What about using system_user as the field name? (because if we keep
auth_method:identity it's not really the authname anyway).
I was worried system_user or sysuser would both be confusing with the
fact that we have usesysid -- which would reference a *different*
sys...

If we go the 2 fields way, then what about auth_identity and auth_method then?

Regards,

--
Bertrand Drouvot
PostgreSQL Contributors Team
RDS Open Source Databases
Amazon Web Services: https://aws.amazon.com

Joe Conway

mail@joeconway.com

over 2 years ago

In reply to: Magnus Hagander (#7)

Re: System username in pg_stat_activity

On 1/10/24 08:59, Magnus Hagander wrote:

On Wed, Jan 10, 2024 at 2:56 PM Bertrand Drouvot

I think it depends what we want the new field to reflect. If it is the exact
same thing as the SYSTEM_USER then I think it has to be text (as the SYSTEM_USER
is made of "auth_method:identity"). Now if we want it to be "only" the identity
part of it, then the `name` datatype would be fine. I'd vote for the exact same
thing as the SYSTEM_USER (means auth_method:identity).

I definitely think it should be the same. If it's not exactly the
same, then it should be *two* columns, one with auth method and one
with the name.

And thinking more about it maybe that's cleaner, because that makes it
easier to do things like filter based on auth method?

+1 for the overall feature and +1 for two columns

+     <row>
+      <entry role="catalog_table_entry"><para role="column_definition">
+       <structfield>authname</structfield> <type>name</type>
+      </para>
+      <para>
+       The authentication method and identity (if any) that the user
+       used to log in. It contains the same value as
+       <xref linkend="system-user" /> returns in the backend.
+      </para></entry>
+     </row>
I'm fine with auth_method:identity.

+ S.authname,

What about using system_user as the field name? (because if we keep
auth_method:identity it's not really the authname anyway).
I was worried system_user or sysuser would both be confusing with the
fact that we have usesysid -- which would reference a *different*
sys...

I think if it is exactly "system_user" it would be pretty clearly a
match for SYSTEM_USER

--
Joe Conway
PostgreSQL Contributors Team
RDS Open Source Databases
Amazon Web Services: https://aws.amazon.com

#10

Magnus Hagander

magnus@hagander.net

over 2 years ago

In reply to: Bertrand Drouvot (#8)

Re: System username in pg_stat_activity

On Wed, Jan 10, 2024 at 3:12 PM Bertrand Drouvot
<bertranddrouvot.pg@gmail.com> wrote:

Hi,

On Wed, Jan 10, 2024 at 02:59:42PM +0100, Magnus Hagander wrote:

On Wed, Jan 10, 2024 at 2:56 PM Bertrand Drouvot
I definitely think it should be the same.
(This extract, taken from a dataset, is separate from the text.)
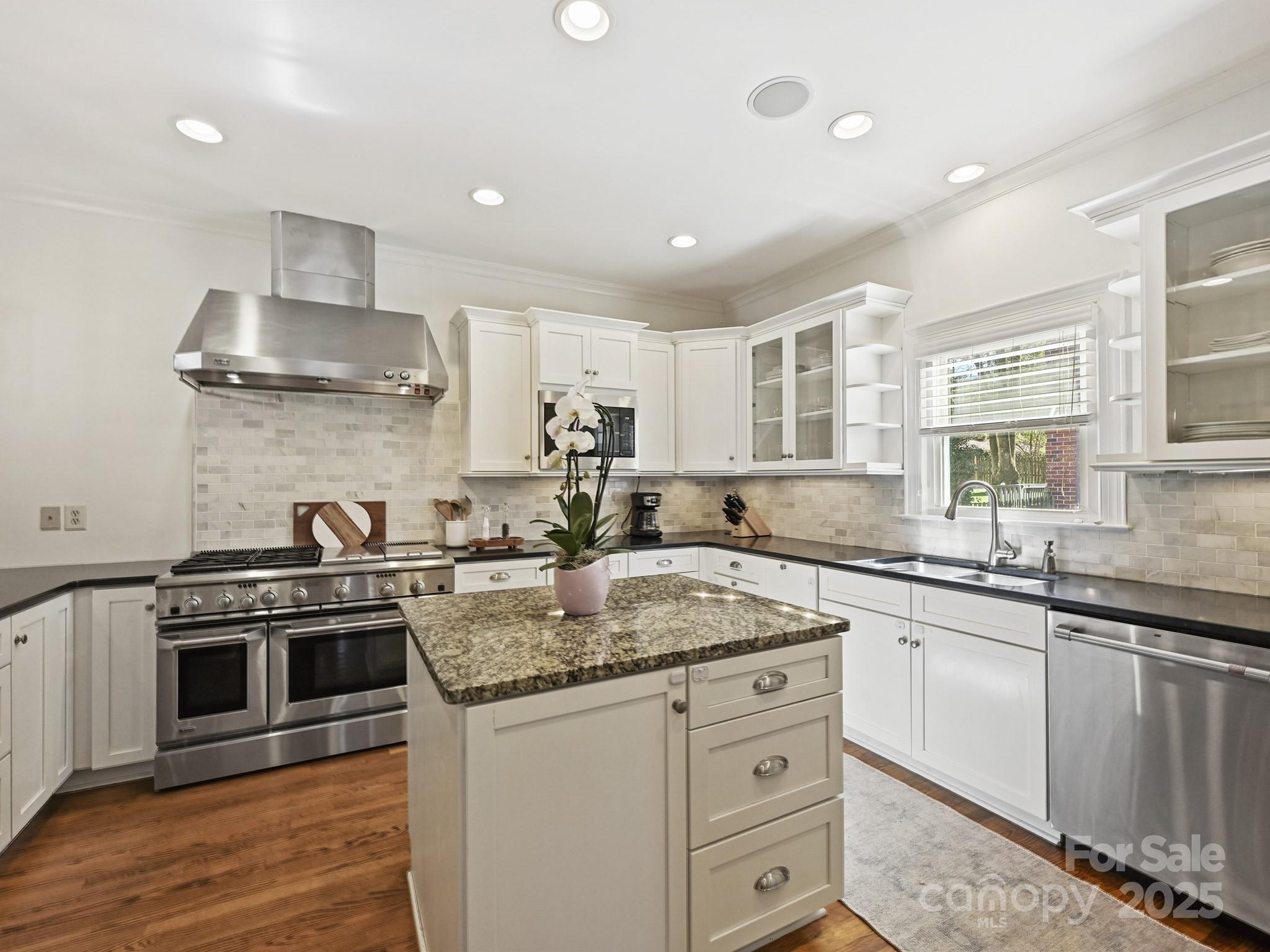 3915 Ayscough Road Charlotte, NC 28211 - Photo 13 of 45 a kitchen with stainless steel appliances granite countertop a sink stove cabinets and wooden floor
If it's not exactly the
same, then it should be *two* columns, one with auth method and one
with the name.

And thinking more about it maybe that's cleaner, because that makes it
easier to do things like filter based on auth method?
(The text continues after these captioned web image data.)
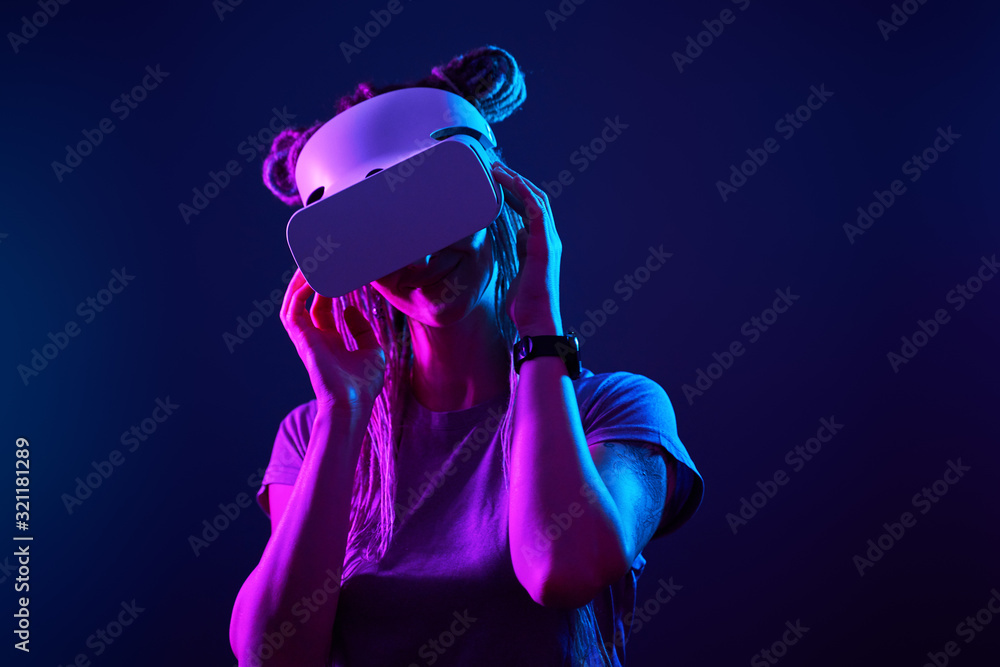 Woman is using virtual reality headset. Neon light studio portrait. Woman is using virtual reality headset. Neon light studio portrait.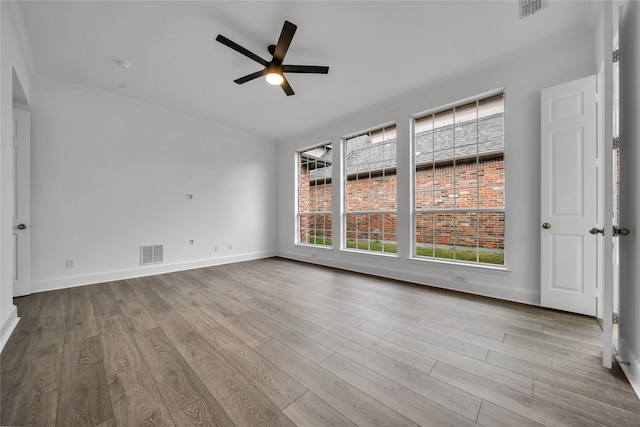 empty room featuring light hardwood / wood-style flooring, ornamental molding, and ceiling fan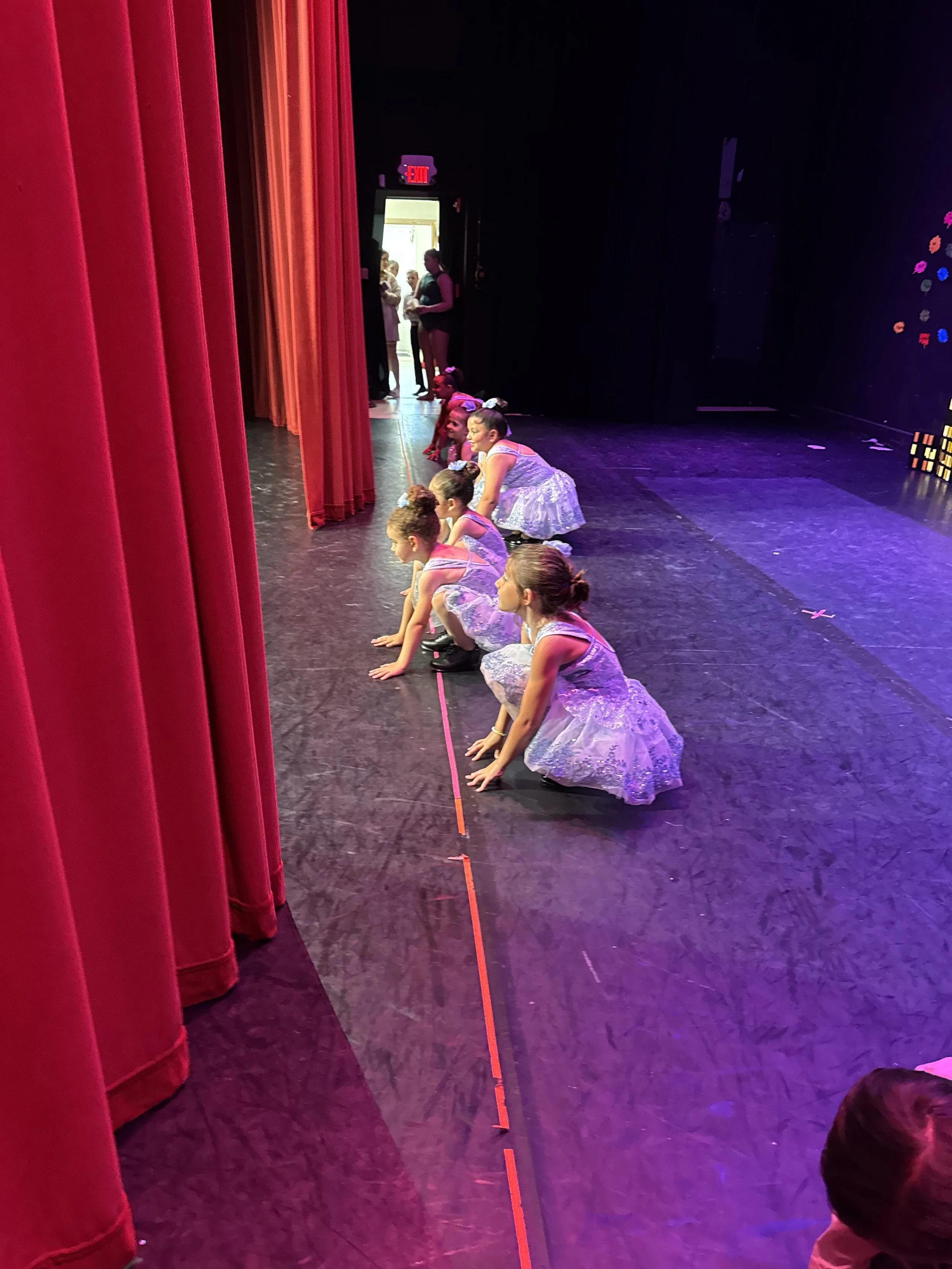 Young girls in ballet dresses preparing backstage before a dance performance, kneeling on the stage floor near the red curtains.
Yeah, that's sounds even better.
+     <row>
+      <entry role="catalog_table_entry"><para role="column_definition">
+       <structfield>authname</structfield> <type>name</type>
+      </para>
+      <para>
+       The authentication method and identity (if any) that the user
+       used to log in. It contains the same value as
+       <xref linkend="system-user" /> returns in the backend.
+      </para></entry>
+     </row>
I'm fine with auth_method:identity.

+ S.authname,

What about using system_user as the field name? (because if we keep
auth_method:identity it's not really the authname anyway).
I was worried system_user or sysuser would both be confusing with the
fact that we have usesysid -- which would reference a *different*
sys...
If we go the 2 fields way, then what about auth_identity and auth_method then?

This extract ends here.